I set off to the University of Northern Iowa with the thought of becoming a music teacher, presumably in a public school.    My first year in Music methods I met Martha Holvik an inspirational Suzuki Teacher who handed me my first copy of Nurtured by Love.   Once I started reading it I couldn't put it down.   I was still reading it early the next morning with out sleeping.   It was the first time that I heard of a teacher who had this amazing belief that "Music could save the World" if we worked for that purpose.   It was the first time that I heard that you could change the future of a child's life by influencing their environment.   I just wanted to meet this man one day long enough to say thank you.   Thank you for seeing in the hearts of children their real potential.

I graduated with a teaching degree in 97 at a time when school systems where laying off teachers in the Midwest.   My first year teaching the teachers went on strike that very Fall.   That year in the Midwest they laid off 300 music teachers.  I began to look for some way that I could get more experience teaching as a Suzuki teacher.   After finding a civil service job in the University Library at ISU were my parents lived I began saving to go to more institutes to get my credentials as a Suzuki teacher.   While teaching part time from my parents home I read every book on the Fine Arts Floor I could find about the Suzuki Method.  

Fascinated by Dr.
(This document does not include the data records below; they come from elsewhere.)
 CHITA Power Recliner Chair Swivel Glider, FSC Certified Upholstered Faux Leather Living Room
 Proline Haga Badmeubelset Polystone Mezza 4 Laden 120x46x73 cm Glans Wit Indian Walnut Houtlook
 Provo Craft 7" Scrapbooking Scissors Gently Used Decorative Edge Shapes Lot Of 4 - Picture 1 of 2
Suzuki's theories about language I took courses in language acquisition and begging Japanese.    While I was taking teacher training on book 5 at Stevens Point one summer Dr. Suzuki came to visit the Institute.   He taught an afternoon session with the children  and then the teachers.   Even the teacher trainees were invited to have a session with him.   It was the first time that I can remember him making adjustments on my bow arm.   I was so impressed that someone who barely spoke English could teach something as technical as the violin.
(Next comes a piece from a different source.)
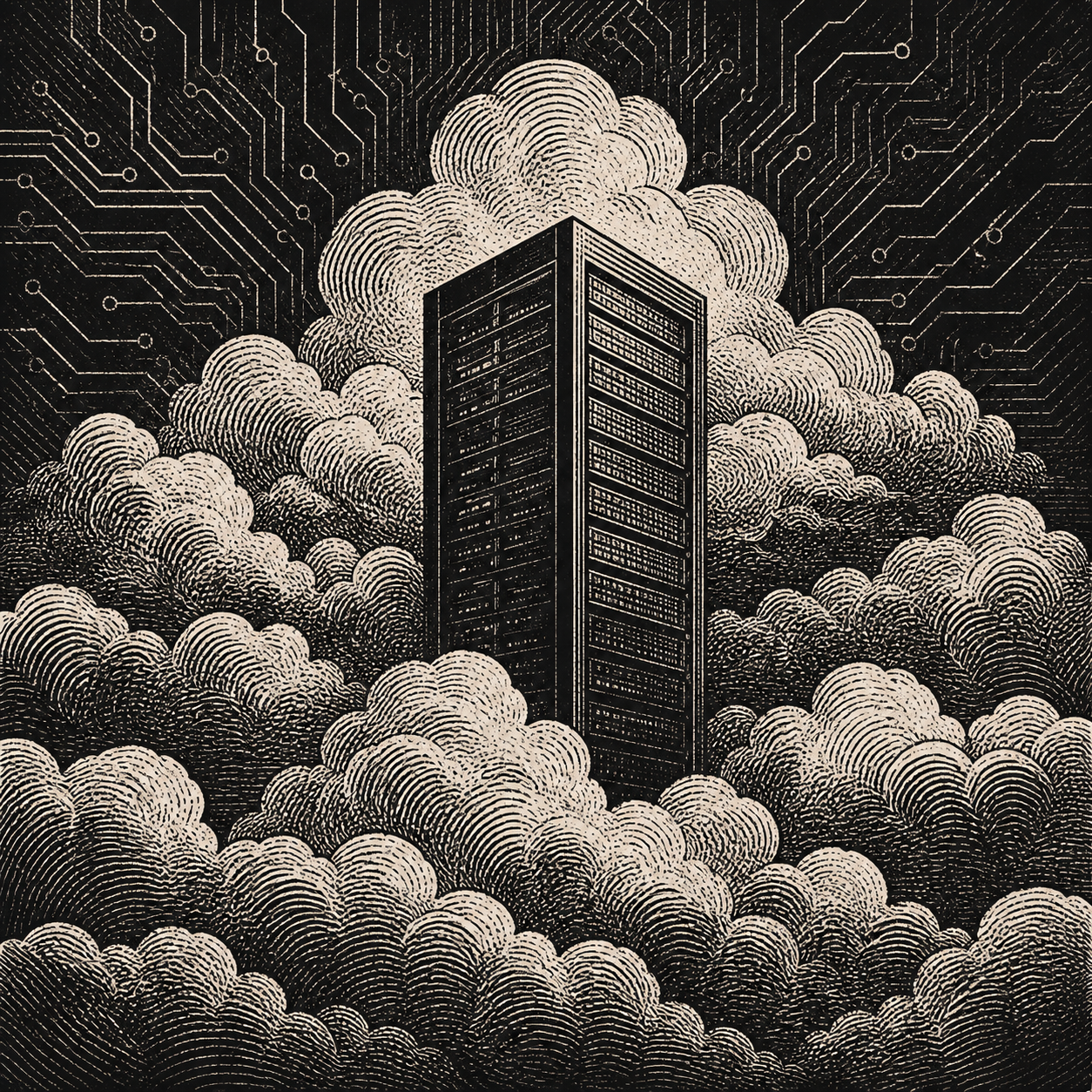 Grabado de torre cloud entre nubes y circuitos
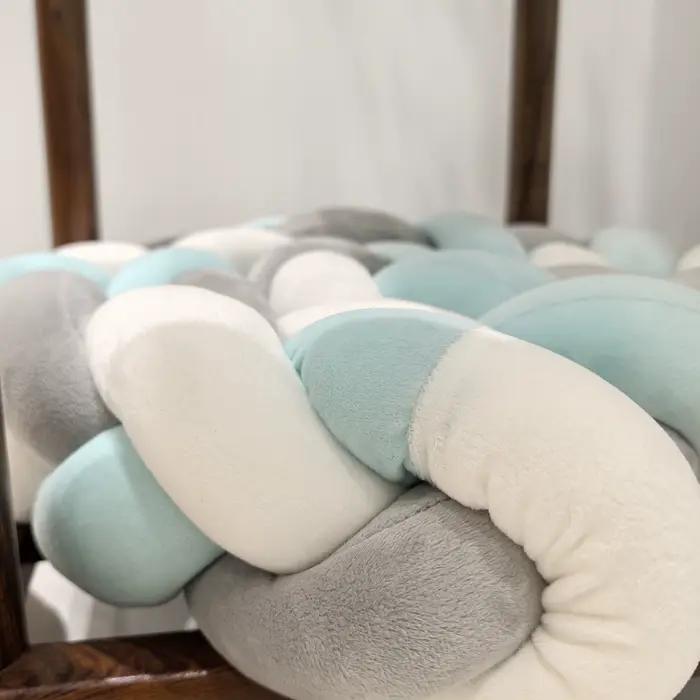 1M/2M/3M/4M bébé pare-chocs lit tresse noeud oreiller coussin pour infantile berceau protecteur lit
That week my American Suzuki Teachers encouraged me to consider going to study in Japan for at least 3 months.   After asking for their assistance with their letters, I left the institute filled with energy.   I used the next two years to save more than I needed for the trip and finish all of the paper work.  In February of 1989 I left to stay a brief time with my Sister in California before boarding a plane to Japan.
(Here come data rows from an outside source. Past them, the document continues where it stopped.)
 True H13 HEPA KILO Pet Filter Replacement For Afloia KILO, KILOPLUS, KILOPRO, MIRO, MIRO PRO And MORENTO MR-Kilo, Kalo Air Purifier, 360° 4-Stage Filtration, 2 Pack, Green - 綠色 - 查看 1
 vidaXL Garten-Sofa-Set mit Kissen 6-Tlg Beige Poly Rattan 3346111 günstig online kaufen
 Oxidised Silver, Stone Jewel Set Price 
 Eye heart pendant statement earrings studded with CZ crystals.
Less than a week before I was to board the plane the Emperor of Japan died.  My arrival in Tokyo was rescheduled around the busy airport for the day of the funeral.   The airport and the trains were nearly empty.   It was a quiet ominous rainy ride up the mountain to Matsumoto while most Japanese stayed home to watch the funeral.   I can't remember arriving at my home stay families town house.  The very next morning I awoke to my first Japanese breakfast and my first visit to the Kaiken where Dr. Suzuki was teaching.

There were teachers in the kenkusei program from all over the world.  We had group instruction with Dr. Suzuki every morning.   After lunch we practiced and observed Dr.Suzuki's private lessons.  Dr Suzuki taught in broken English, excellent German, Japanese and  many gestures.  For 3 months I became immersed in violin study and Japanese culture.  I learned to peddle around this picturesque mountain town with a castle on a bicycle and eat all kinds of interesting Japanese food when I wasn't practicing or taking classes.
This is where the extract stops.